LeetCode-Gas Station(加油站问题)

There are N gas stations along a circular route, where the amount of gas at station i is gas[i].

You have a car with an unlimited gas tank and it costs cost[i] of gas to travel from station i to its next station (i+1).
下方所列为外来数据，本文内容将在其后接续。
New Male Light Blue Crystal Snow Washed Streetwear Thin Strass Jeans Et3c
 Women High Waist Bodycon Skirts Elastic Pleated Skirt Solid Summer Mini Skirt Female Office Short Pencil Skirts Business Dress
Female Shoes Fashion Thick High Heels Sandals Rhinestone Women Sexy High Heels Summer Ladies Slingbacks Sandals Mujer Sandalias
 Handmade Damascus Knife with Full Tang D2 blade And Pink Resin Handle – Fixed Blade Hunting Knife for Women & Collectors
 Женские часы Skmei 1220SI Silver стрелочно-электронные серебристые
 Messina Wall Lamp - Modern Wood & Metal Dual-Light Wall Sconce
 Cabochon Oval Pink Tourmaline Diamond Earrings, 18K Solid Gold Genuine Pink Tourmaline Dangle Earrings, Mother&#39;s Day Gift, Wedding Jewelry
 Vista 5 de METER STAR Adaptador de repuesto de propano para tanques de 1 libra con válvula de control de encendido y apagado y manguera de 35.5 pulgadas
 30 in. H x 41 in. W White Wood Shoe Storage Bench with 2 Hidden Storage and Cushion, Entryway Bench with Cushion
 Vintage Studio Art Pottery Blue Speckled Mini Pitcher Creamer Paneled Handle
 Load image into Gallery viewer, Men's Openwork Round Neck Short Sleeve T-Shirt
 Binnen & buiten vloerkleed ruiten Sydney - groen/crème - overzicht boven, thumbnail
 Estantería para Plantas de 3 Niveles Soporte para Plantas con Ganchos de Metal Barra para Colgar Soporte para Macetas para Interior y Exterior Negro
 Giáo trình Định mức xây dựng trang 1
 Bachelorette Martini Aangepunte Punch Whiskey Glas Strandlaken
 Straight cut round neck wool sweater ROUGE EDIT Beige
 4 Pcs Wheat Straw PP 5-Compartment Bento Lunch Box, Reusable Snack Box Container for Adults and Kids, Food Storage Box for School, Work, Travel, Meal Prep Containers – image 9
You begin the journey with an empty tank at one of the gas stations.

Return the starting gas station's index if you can travel around the circuit once, otherwise return -1.

Note:

The solution is guaranteed to be unique.

第一想法肯定是暴力破解了,两个循环就搞定了:

public int canCompleteCircuit1(int[] gas, int[] cost) {
    	for (int i = 0; i < gas.length; i++) {
    		int sum = 0;
    		for (int j = i; j < i+gas.length; j++) {
    			int station = j%gas.length;
    			sum += gas[station] - cost[station];
    			if (sum < 0) {
    				break;
    			}
    		}
    		if (sum >= 0) {
    			return i;
    		}
    	}
    	return -1;
    }

外层循环是第i加油站,内层循环计算是否能跑完一圈。结果直接超时,需要做优化,根据题目,我们很容易知道:

1)如果gas[]的总和大于cost[]的总和,这个题目肯定有解

2)在1)的前提下,如果有A-->B-->C中A不能到达C,那么B也不能到达C:

证明:已知:gas(A) >= cost(A)  (如果gas(A) < cost(A),则把A当做起点肯定失败,因为他连B都到达不了)

        如果:gas(A)+gas(B) < cost(A)+cost(B)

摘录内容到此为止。